:: STORED DATA ::
========================================================================
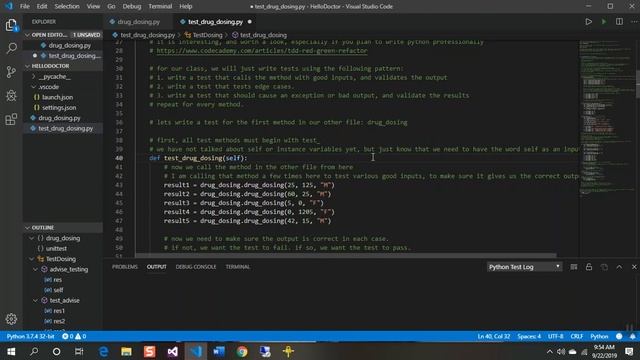 unittesting смотреть онлайн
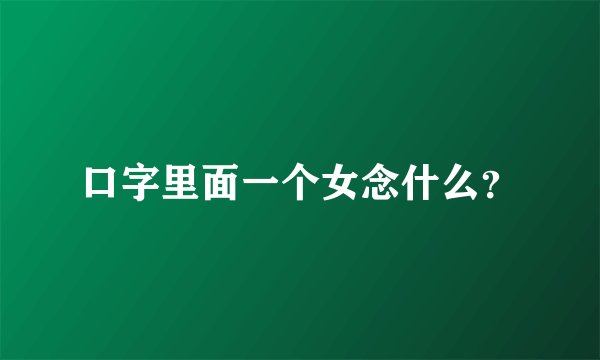 口字里面一个女念什么？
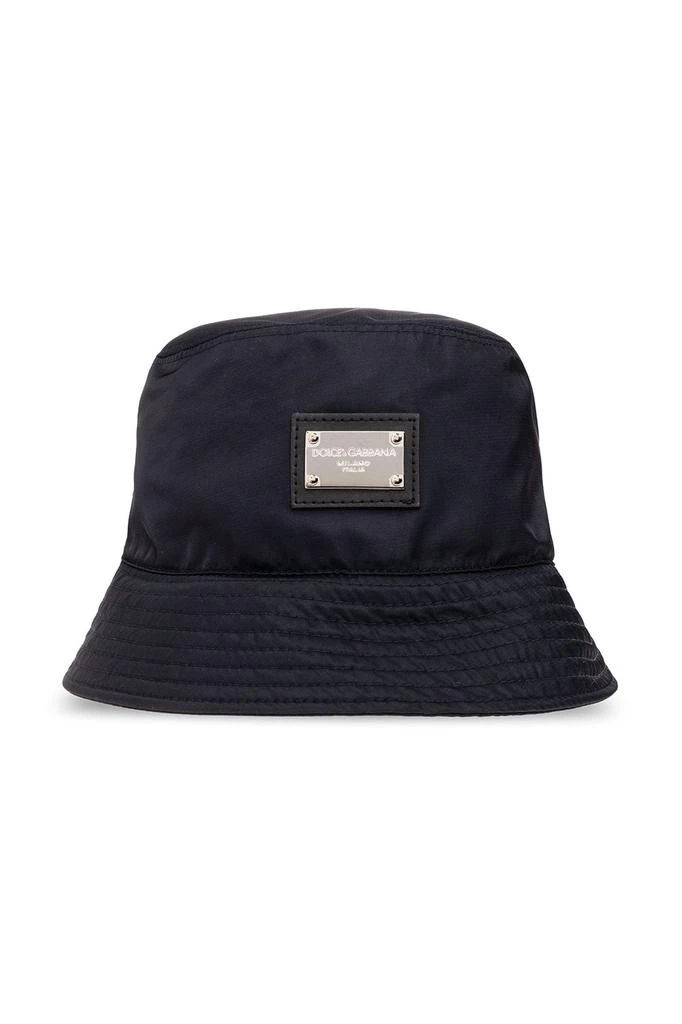 Dolce & Gabbana Dolce & Gabbana Logo Plaque Slip-On Bucket Hat 1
========================================================================
Leaving images out, please output every line of the data exactly.

 unittesting смотреть онлайн
 口字里面一个女念什么？
 Dolce & Gabbana Dolce & Gabbana Logo Plaque Slip-On Bucket Hat 1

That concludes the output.